# Dataset records:
━━━

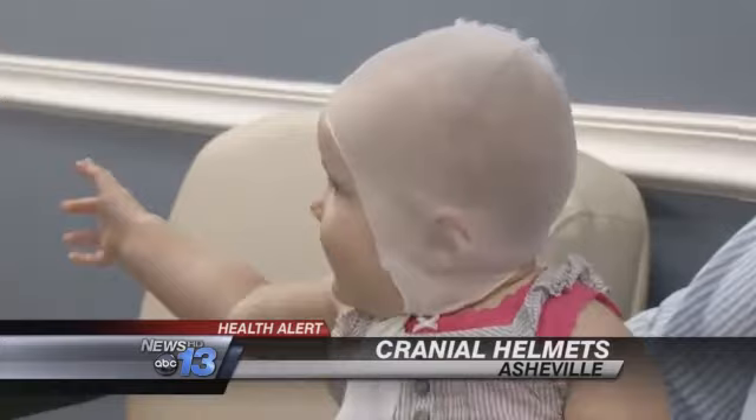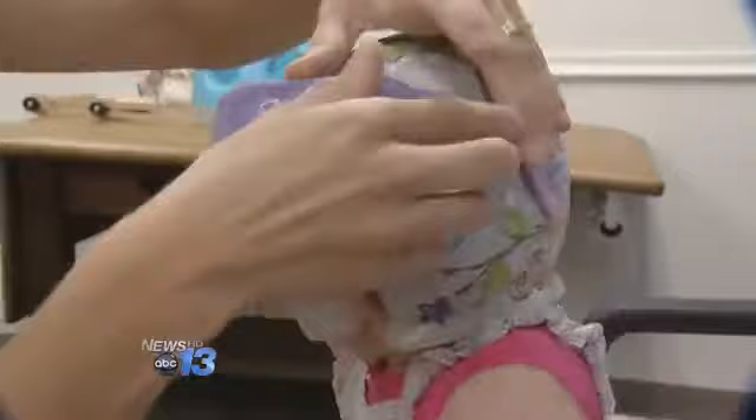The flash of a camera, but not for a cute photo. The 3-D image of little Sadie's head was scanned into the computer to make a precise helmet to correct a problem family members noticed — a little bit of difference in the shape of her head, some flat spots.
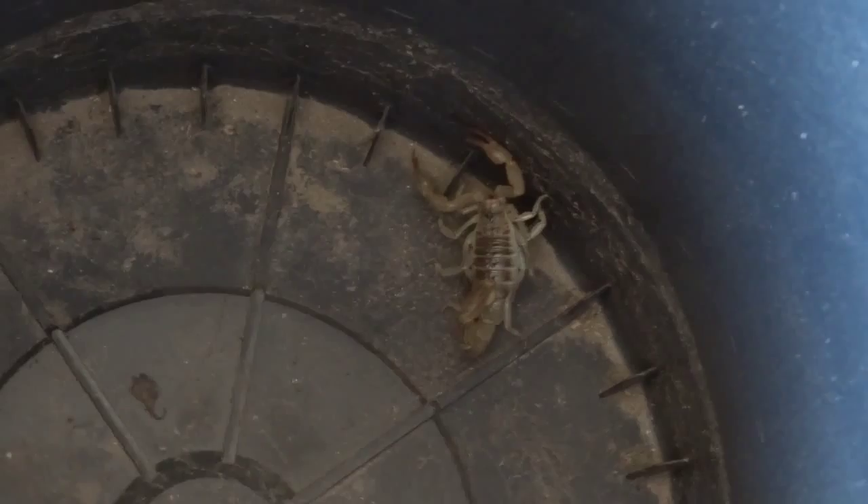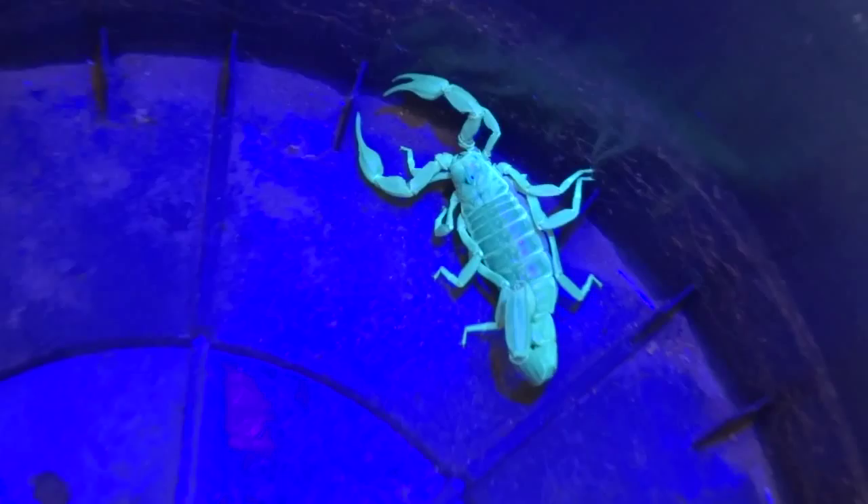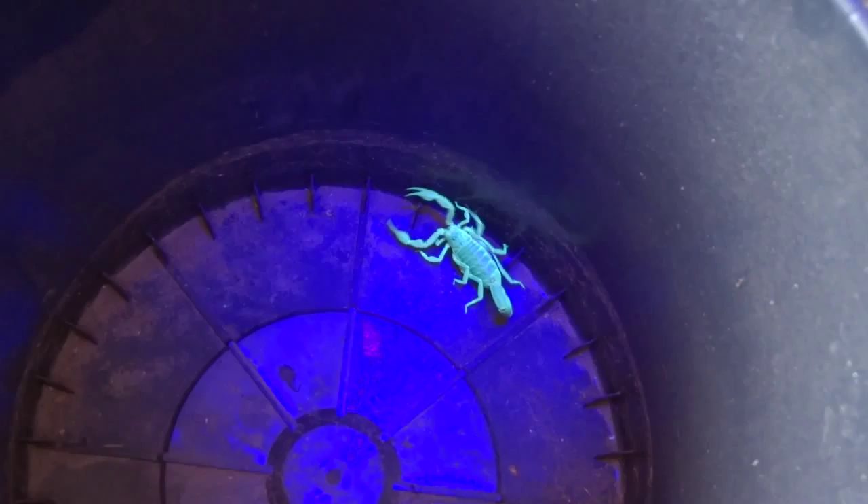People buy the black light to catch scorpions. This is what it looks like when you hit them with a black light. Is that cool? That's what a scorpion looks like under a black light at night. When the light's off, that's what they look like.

━━━

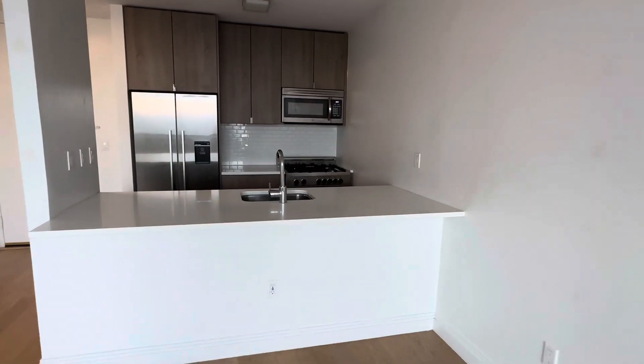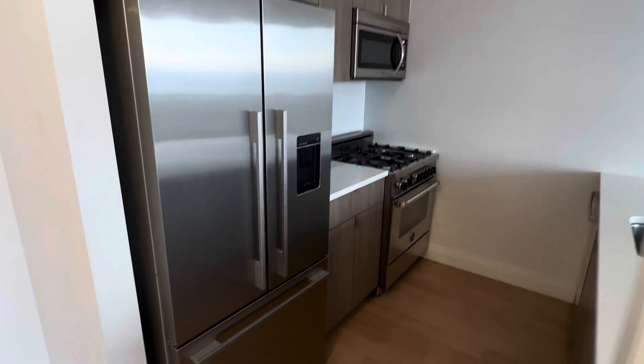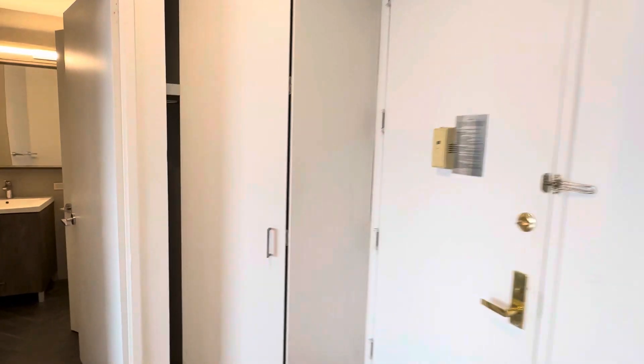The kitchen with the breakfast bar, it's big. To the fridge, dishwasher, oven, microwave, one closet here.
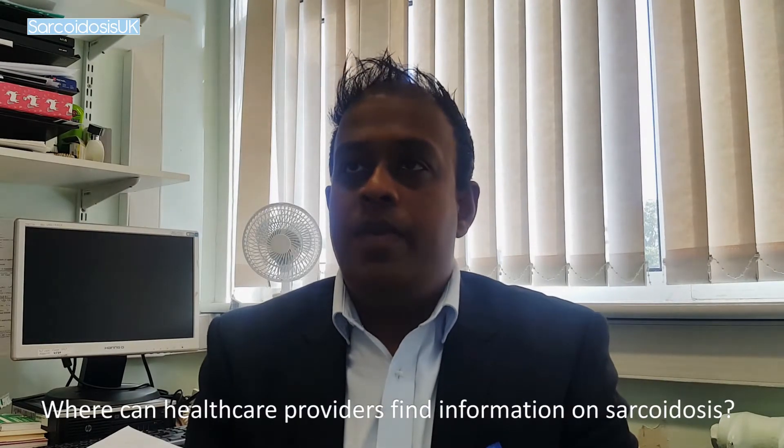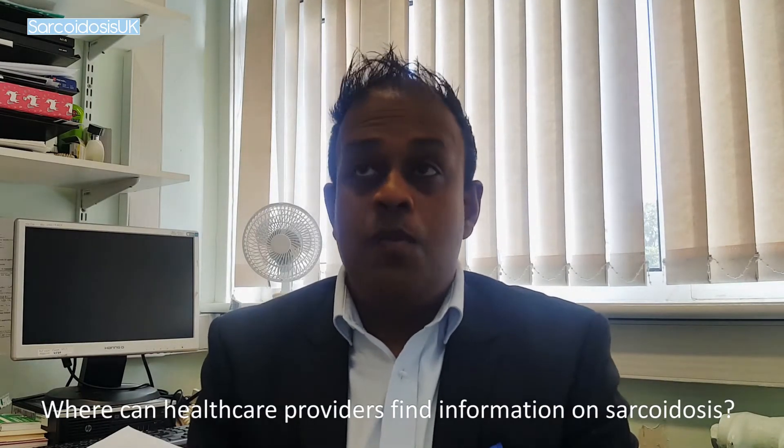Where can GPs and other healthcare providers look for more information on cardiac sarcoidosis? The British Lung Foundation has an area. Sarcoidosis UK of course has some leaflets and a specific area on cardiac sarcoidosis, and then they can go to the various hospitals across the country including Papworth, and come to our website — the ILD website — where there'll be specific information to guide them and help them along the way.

━━━

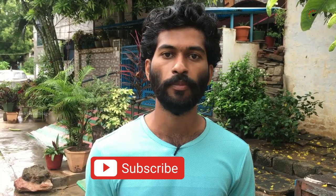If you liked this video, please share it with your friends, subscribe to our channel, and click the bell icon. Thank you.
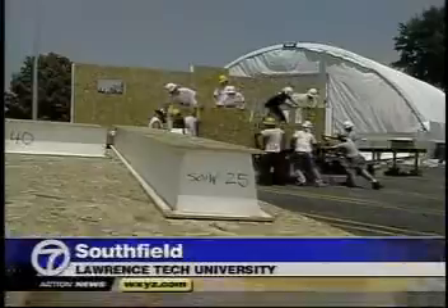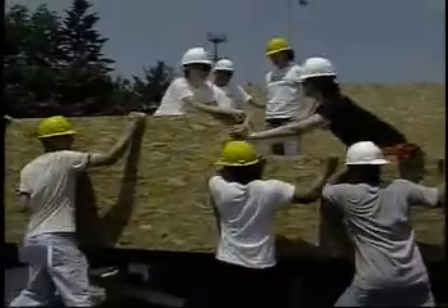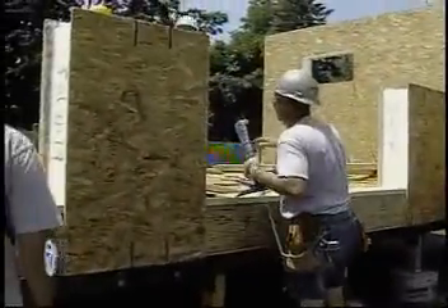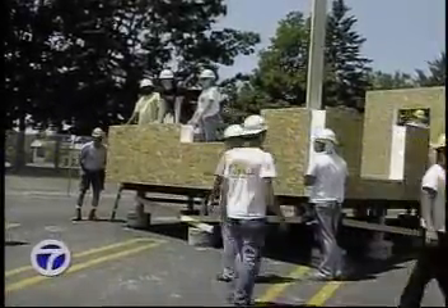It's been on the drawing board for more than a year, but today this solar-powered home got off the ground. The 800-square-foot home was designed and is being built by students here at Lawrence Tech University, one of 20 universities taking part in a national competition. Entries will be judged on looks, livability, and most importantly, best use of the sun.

━━━

Look above and copy only the lines from the one holding "The flash of" to the one holding "People buy the", both included, exactly, minus the pictures.

The flash of a camera, but not for a cute photo. The 3-D image of little Sadie's head was scanned into the computer to make a precise helmet to correct a problem family members noticed — a little bit of difference in the shape of her head, some flat spots.
People buy the black light to catch scorpions. This is what it looks like when you hit them with a black light. Is that cool? That's what a scorpion looks like under a black light at night. When the light's off, that's what they look like.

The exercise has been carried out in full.